1. Field of the Invention
The present invention relates generally to the field of human health monitoring, and more particularly to the use of multivariate models for analysis of measurements of biological parameters to provide residual-based assessment of human health indicators.
2. Brief Description of the Related Art
Medicine has for centuries been practiced as a reactive, crisis-driven process. Unfortunately, it remains largely so to this day. Chronic diseases represent a disproportionate share of the crushing economic cost of healthcare, much of which could be avoided by early warning of deterioration. Current healthcare practices are episodic and reactionary, with little visibility into patient health outside the controlled setting of the clinic or hospital. However the medical arts are only now beginning to explore out-patient telemetry from wearable devices, and there is virtually no answer to who is going to watch all this data, or how it will be analyzed to provide early warning with a low false alert rate. Moreover, out-patient telemetry poses considerable challenges due to ambulatory motion artifact and normal physiology variation in the course of daily activities not usually dealt with when a patient is sedated and supine in a hospital bed.
Other industries (nuclear, aviation, refining, computer systems) have in recent years adopted advanced intelligent algorithms for condition monitoring, that accommodate normal variation and dynamics exhibited in the sensor data collected from a target system, and differentiate it from subtle early warning signs of deterioration. One kind of machine learning technique, Similarity-Based Modeling (“SBM”) technology, has proven successful in many applications including those mentioned above. SBM is a nonparametric data driven modeling technique which learns normal behavior from multivariate data from a complex system, and distinguishes it from the onset of adverse behavior in a monitored system.

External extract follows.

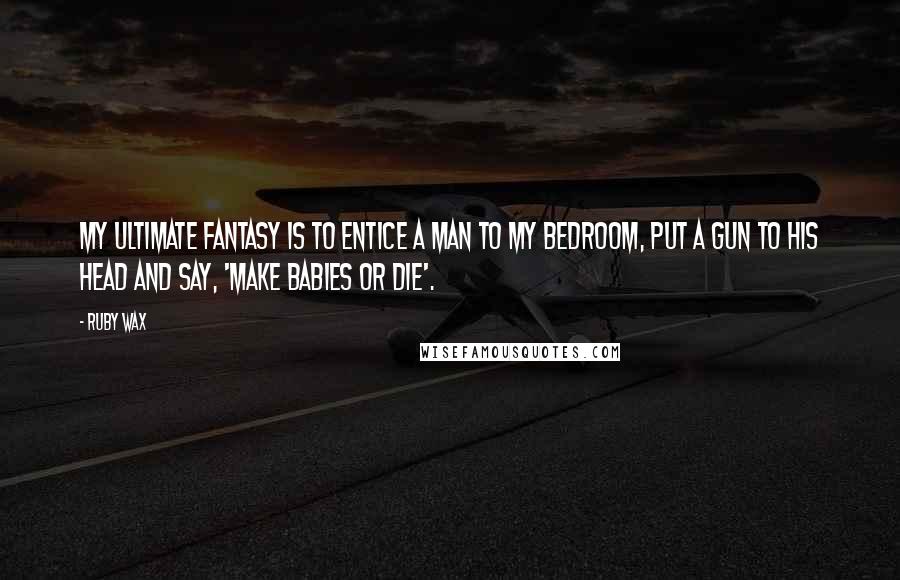 Ruby Wax Quotes: My ultimate fantasy is to entice a man to my bedroom, put a gun to his head and say, 'Make babies or die'.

Visibility into health issues with SBM is contingent on the availability of multivariate data. Continuous telemetry from a wearable sensing device with multiple sensors could provide such data. However, existing devices are data-poor, in most instances univariate, and are primarily aimed at very narrow health related issue, e.g. glucose monitoring for diabetics, or blood pressure for hypertension. The devices are usually not meant for continuous monitoring, and any analysis performed is done using gross population statistics, i.e. not personalized to the individual. Further, current commercial telehealth devices are not easily wearable, and do not take advantage of the latest mobile technologies.
There is a need to make multivariate continuous data available for analysis, whether from a wearable device on an out-patient basis or from bedside equipment in a hospital, so that machine learning technology like the aforementioned SBM can be applied to automate early detection of incipient changes indicating the health of the patient is potentially subject to deterioration. Because medical staff is commonly overworked and short on time to spend deeply studying analytical results for each patient, especially where large populations of at-home patients may be involved, an important issue is how to summarize the results of such machine learning techniques in a simple metric for actionability.